▶ [Work required]:
Word for word, restate every entry that follows.

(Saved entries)
╭──

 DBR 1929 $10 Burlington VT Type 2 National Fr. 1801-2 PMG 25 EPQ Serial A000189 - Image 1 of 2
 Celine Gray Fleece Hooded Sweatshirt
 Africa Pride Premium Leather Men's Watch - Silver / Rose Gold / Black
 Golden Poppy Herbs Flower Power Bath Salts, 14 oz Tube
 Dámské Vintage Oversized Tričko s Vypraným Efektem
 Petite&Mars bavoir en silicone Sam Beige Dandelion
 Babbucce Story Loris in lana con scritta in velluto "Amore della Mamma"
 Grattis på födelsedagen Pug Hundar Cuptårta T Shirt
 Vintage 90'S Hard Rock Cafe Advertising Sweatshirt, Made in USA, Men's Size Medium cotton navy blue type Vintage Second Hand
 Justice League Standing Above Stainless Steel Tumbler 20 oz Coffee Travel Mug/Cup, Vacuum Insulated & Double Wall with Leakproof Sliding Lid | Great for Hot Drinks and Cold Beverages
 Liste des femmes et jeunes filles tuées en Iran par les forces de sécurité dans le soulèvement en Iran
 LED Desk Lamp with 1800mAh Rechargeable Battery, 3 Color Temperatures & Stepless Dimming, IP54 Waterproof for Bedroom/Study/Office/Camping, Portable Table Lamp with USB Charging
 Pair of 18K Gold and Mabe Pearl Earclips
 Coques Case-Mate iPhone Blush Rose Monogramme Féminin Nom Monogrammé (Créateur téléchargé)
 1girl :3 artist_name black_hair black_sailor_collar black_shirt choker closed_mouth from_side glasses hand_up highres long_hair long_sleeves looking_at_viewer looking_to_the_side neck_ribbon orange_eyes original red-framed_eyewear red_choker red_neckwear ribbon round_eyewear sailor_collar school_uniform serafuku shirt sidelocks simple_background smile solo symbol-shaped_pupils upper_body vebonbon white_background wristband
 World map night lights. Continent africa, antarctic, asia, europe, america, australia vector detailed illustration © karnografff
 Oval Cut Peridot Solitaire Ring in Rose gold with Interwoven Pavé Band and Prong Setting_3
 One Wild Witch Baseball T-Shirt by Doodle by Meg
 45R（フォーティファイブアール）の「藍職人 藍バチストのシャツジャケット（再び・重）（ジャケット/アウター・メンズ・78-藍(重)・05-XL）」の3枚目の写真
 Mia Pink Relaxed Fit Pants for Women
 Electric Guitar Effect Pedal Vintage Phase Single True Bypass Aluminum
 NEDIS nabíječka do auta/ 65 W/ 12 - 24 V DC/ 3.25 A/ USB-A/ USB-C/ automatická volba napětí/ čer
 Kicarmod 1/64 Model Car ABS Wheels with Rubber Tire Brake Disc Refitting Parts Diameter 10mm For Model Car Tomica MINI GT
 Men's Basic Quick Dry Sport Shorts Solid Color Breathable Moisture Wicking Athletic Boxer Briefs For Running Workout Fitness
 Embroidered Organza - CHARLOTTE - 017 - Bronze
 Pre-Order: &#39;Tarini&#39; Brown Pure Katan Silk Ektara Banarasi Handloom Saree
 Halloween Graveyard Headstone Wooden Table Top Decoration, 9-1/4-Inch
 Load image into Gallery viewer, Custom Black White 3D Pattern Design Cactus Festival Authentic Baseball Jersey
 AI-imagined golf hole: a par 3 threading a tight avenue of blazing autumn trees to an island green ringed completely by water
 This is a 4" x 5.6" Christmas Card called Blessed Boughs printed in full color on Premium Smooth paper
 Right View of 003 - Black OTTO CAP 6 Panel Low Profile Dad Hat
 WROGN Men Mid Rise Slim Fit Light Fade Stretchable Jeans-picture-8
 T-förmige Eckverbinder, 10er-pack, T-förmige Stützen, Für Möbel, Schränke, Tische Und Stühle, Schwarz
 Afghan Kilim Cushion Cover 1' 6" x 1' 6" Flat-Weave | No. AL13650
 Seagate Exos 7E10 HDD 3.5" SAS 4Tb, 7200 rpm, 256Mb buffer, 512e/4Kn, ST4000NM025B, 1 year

╰──

▶ [Answer section]:
 DBR 1929 $10 Burlington VT Type 2 National Fr. 1801-2 PMG 25 EPQ Serial A000189 - Image 1 of 2
 Celine Gray Fleece Hooded Sweatshirt
 Africa Pride Premium Leather Men's Watch - Silver / Rose Gold / Black
 Golden Poppy Herbs Flower Power Bath Salts, 14 oz Tube
 Dámské Vintage Oversized Tričko s Vypraným Efektem
 Petite&Mars bavoir en silicone Sam Beige Dandelion
 Babbucce Story Loris in lana con scritta in velluto "Amore della Mamma"
 Grattis på födelsedagen Pug Hundar Cuptårta T Shirt
 Vintage 90'S Hard Rock Cafe Advertising Sweatshirt, Made in USA, Men's Size Medium cotton navy blue type Vintage Second Hand
 Justice League Standing Above Stainless Steel Tumbler 20 oz Coffee Travel Mug/Cup, Vacuum Insulated & Double Wall with Leakproof Sliding Lid | Great for Hot Drinks and Cold Beverages
 Liste des femmes et jeunes filles tuées en Iran par les forces de sécurité dans le soulèvement en Iran
 LED Desk Lamp with 1800mAh Rechargeable Battery, 3 Color Temperatures & Stepless Dimming, IP54 Waterproof for Bedroom/Study/Office/Camping, Portable Table Lamp with USB Charging
 Pair of 18K Gold and Mabe Pearl Earclips
 Coques Case-Mate iPhone Blush Rose Monogramme Féminin Nom Monogrammé (Créateur téléchargé)
 1girl :3 artist_name black_hair black_sailor_collar black_shirt choker closed_mouth from_side glasses hand_up highres long_hair long_sleeves looking_at_viewer looking_to_the_side neck_ribbon orange_eyes original red-framed_eyewear red_choker red_neckwear ribbon round_eyewear sailor_collar school_uniform serafuku shirt sidelocks simple_background smile solo symbol-shaped_pupils upper_body vebonbon white_background wristband
 World map night lights. Continent africa, antarctic, asia, europe, america, australia vector detailed illustration © karnografff
 Oval Cut Peridot Solitaire Ring in Rose gold with Interwoven Pavé Band and Prong Setting_3
 One Wild Witch Baseball T-Shirt by Doodle by Meg
 45R（フォーティファイブアール）の「藍職人 藍バチストのシャツジャケット（再び・重）（ジャケット/アウター・メンズ・78-藍(重)・05-XL）」の3枚目の写真
 Mia Pink Relaxed Fit Pants for Women
 Electric Guitar Effect Pedal Vintage Phase Single True Bypass Aluminum
 NEDIS nabíječka do auta/ 65 W/ 12 - 24 V DC/ 3.25 A/ USB-A/ USB-C/ automatická volba napětí/ čer
 Kicarmod 1/64 Model Car ABS Wheels with Rubber Tire Brake Disc Refitting Parts Diameter 10mm For Model Car Tomica MINI GT
 Men's Basic Quick Dry Sport Shorts Solid Color Breathable Moisture Wicking Athletic Boxer Briefs For Running Workout Fitness
 Embroidered Organza - CHARLOTTE - 017 - Bronze
 Pre-Order: &#39;Tarini&#39; Brown Pure Katan Silk Ektara Banarasi Handloom Saree
 Halloween Graveyard Headstone Wooden Table Top Decoration, 9-1/4-Inch
 Load image into Gallery viewer, Custom Black White 3D Pattern Design Cactus Festival Authentic Baseball Jersey
 AI-imagined golf hole: a par 3 threading a tight avenue of blazing autumn trees to an island green ringed completely by water
 This is a 4" x 5.6" Christmas Card called Blessed Boughs printed in full color on Premium Smooth paper
 Right View of 003 - Black OTTO CAP 6 Panel Low Profile Dad Hat
 WROGN Men Mid Rise Slim Fit Light Fade Stretchable Jeans-picture-8
 T-förmige Eckverbinder, 10er-pack, T-förmige Stützen, Für Möbel, Schränke, Tische Und Stühle, Schwarz
 Afghan Kilim Cushion Cover 1' 6" x 1' 6" Flat-Weave | No. AL13650
 Seagate Exos 7E10 HDD 3.5" SAS 4Tb, 7200 rpm, 256Mb buffer, 512e/4Kn, ST4000NM025B, 1 year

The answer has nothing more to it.